YARGITAY KARARI
DAİRE : 3. Hukuk Dairesi
ESAS NO : 2014/20976
KARAR NO : 2015/17210
KARAR TARİHİ : 04.11.2015
MAHKEMESİ : BAKIRKÖY 5. ASLİYE HUKUK MAHKEMESİ
TARİHİ : 06/05/2014
NUMARASI : 2010/404-2014/230
Taraflar arasındaki itirazın iptali davasının mahkemece yapılan yargılaması sonucunda, davanın kısmen kabulüne yönelik olarak verilen hükmün, süresi içinde davacı vekili tarafından temyiz edilmesi üzerine; temyiz dilekçesinin kabulüne karar verildikten sonra, dosya içerisindeki kağıtlar okunup gereği düşünüldü:
Y A R G I T A Y K A R A R I
Davacı vekili dava dilekçesinde; davalının idareye kayıtlı olmayan mühürsüz sayaç takarak kaçak elektrik kullandığının tespit edildiğini, elektrik tarifeleri yönetmeliğine göre davalının kullandığı elektrik bedelinin 36.566,82 TL olduğunu, dava konusu alacağın talebe rağmen ödenmemesi nedeniyle davalı hakkında icra takibi başlatıldığını, davalının takibe itiraz ettiğini, itirazın haksız ve kötüniyetli olduğunu belirterek; toplam 36.566,82 TL üzerinden vaki itirazın iptaline, takibin devamına ve % 40 icra inkar tazminatına karar verilmesini talep ve dava etmiştir.
Davalı davaya cevap vermemiştir.
Mahkemece; bilirkişi raporuna itibar edilerek gerçek zarar üzerinden yapılan hesaplama yöntemine göre belirlenen bedel üzerinden davanın kısmen kabulü ile; davalının 24.927,26 TL asıl alacak yönüyle takibe itirazının iptaline, bu meblağ üzerinden takibin devamına, fazlaya ilişkin talebin ve icra inkar tazminatı talebinin reddine karar verilmiş, hüküm davacı vekili tarafından süresinde temyiz edilmiştir.

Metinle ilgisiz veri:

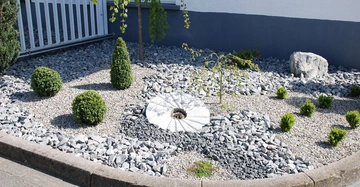 Ein gepflegter Steingarten mit verschiedenen Sträuchern und einem kleinen Baum liegt neben einem Gebäude mit grauer Fassade und Fenster flankiert von einem weißen Zaun und grauen Kieselsteinen.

Dosyanın incelenmesinde; davacı elektrik şirketi tarafından, davalı hakkında idareye kayıtlı olmayan mühürsüz sayaç takarak elektrik kullanması nedeniyle 19/12/2008 tarihinde kaçak elektrik tespit tutanağı düzenlendiği, tutanağa istinaden 36.566,82 TL kaçak elektrik bedeli tahakkuku yapıldığı, belirlenen tahakkuk bedeli üzerine icra takibine başlanıldığı, davalı tarafından kaçak elektrik kullanılmadığı, endeks değerinin karşılığı hesaplanarak borcun hesaplanması gerektiği gerekçeleriyle borca, faize ve ferilerine itiraz edildiği görülmektedir.
HMK 266.maddesi hükmüne göre, çözümü özel veya teknik bir bilgiyi gerektiren konularda bilirkişi oy ve görüşünün alınması zorunludur. Genel hayat tecrübesi ve kültürünün sonucu olarak herkes gibi hakimin de bildiği konularda bilirkişi dinlenmesine karar verilemeyeceği gibi, hakimlik mesleğinin gereği olarak hakimin hukuki bilgisi ile çözümleyebileceği konularda da bilirkişi dinlenemez. Her halde seçilecek bilirkişinin mesleği itibarıyla konunun uzmanı olması gerekir.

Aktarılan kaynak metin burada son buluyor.